August 13 at 4:45pm · Delete

OM
Di masyarakat kita (Jawa maksudnya), kalau mau mendokumentasikan mitos2 pasti buanyakk banget mas, apalagi yang menyangkut mahakarya seperti candi (tapi aku kok belum pernah denger mengenai mitos candi Borobudur ya ??). Karena seleksi alam (?) masyarakat pada jaman pembangunan candi tersebut "hilang", mungkin sebenarnya ada dokumentasinya (yg aku rasa pasti berbentuk tulisan dibatu) tapi sudah lenyap pula, jadi hilang deh satu mata rantai sejarah yang maha penting, mengingat tingginya teknologi yang dipergunakan (sama mungkin dengan piramid kali ya he he he...). Nah masyarakat sesudahnya yang "menemukan" candi agung tersebut jadi takjub dan terkesima (mungkin pada saat itu ada kemunduran pengetahuan he he he...), sehingga yang berkembang ya cerita2 yang "amazing" yang lebih "asyik dan romantis" untuk diceritakan. Ya sampai sekarang yang lebih bergaung ya mitosnya he he he.....Tapi masyarakat sekarang udah bisa kan membedakan mana mitos dan sejarah ??...Hanya mungkin perlu kerja lebih
keras lagi dari sejarawan, arkeologi untuk mengumpulkan "hal-hal yang hilang" dari sejarah Kedu di masa lampau.
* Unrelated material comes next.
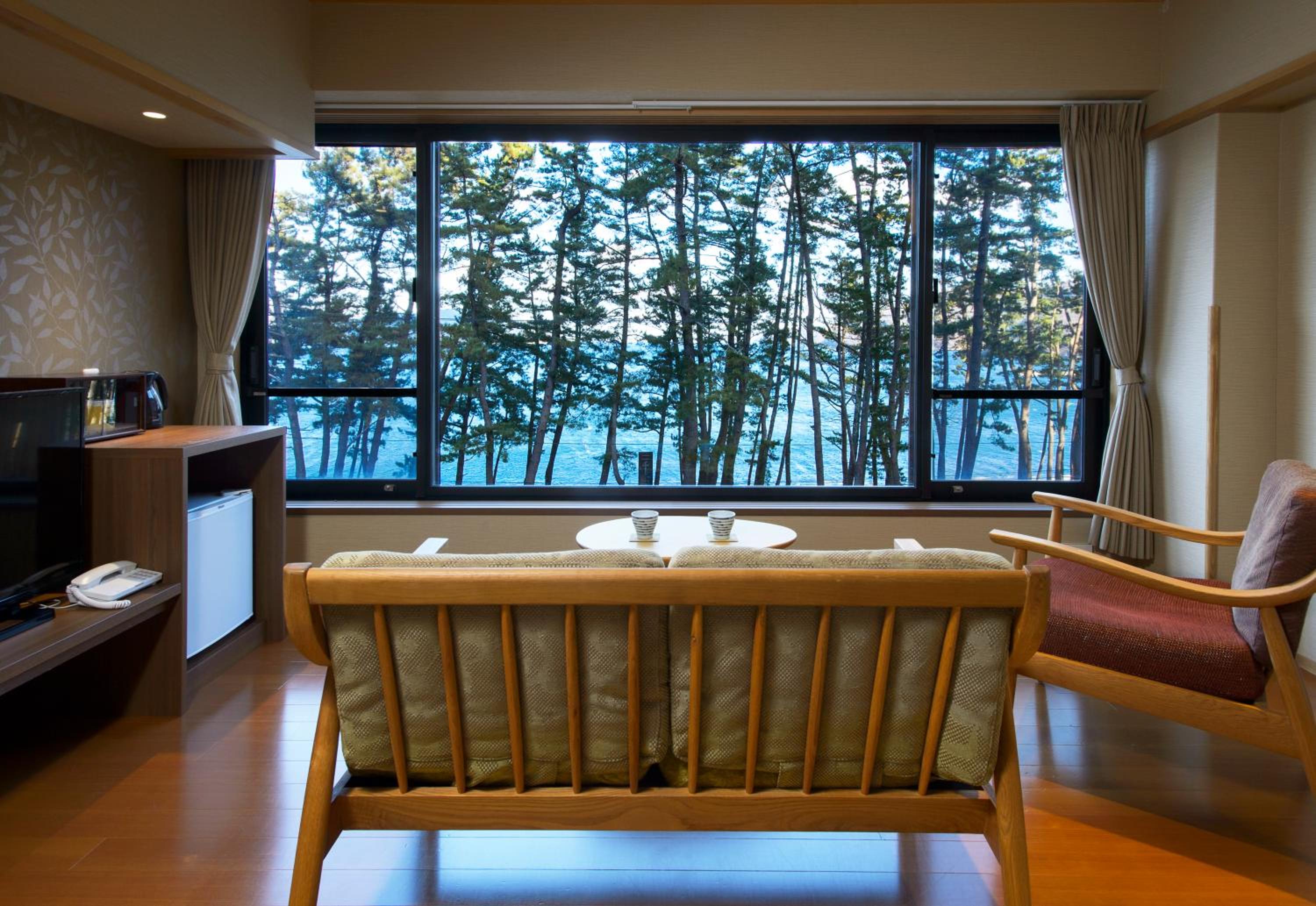 Japanese-Style Superior Room with Ocean View photo 2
Kita tunggu aja, atau barangkali Mas Kelik ada berniat mengulik ?? (disini agak payah sih penghargaan untuk hal2 yang berkaitan dengan sejarah dan arkeologi, karena katanya kurang bernilai "ekonomis"...hiks....ikut prihatin).
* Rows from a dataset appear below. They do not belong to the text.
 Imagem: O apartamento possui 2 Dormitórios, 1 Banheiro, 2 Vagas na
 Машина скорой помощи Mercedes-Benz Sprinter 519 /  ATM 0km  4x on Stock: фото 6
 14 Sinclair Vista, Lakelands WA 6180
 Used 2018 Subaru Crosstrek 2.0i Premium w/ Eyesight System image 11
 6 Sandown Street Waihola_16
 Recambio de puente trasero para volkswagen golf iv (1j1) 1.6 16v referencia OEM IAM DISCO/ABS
August 13 at 5:44pm · Delete


Setyardi 'Kelik' Widodo
Mas TBAP, setuju. mangkanya muncul Internet salah satu latar belakangnya, konon, supaya kalau sebagian wilayah bumi kena bencana, arsip ilmu pengetahuan tidak serta merta ikut lenyap.

Setyardi 'Kelik' Widodo
Mbak OM, orang jawa ini memang terlalu banyak mitos. suka dengan kiasan. tidak lugas. mungkin karena sungkan dengan raja, pejabat, dan sebagainya. lha, cerita yang nyata-nyata disamarkan untuk menutup aib dan sebagainya, jadinya malah kabur, sulit dilacak bagaimana cerita aslinya. itu bagian dari kultur lama. entah sampai kapan kita akan "menderita" dampak semua itu, hehehe.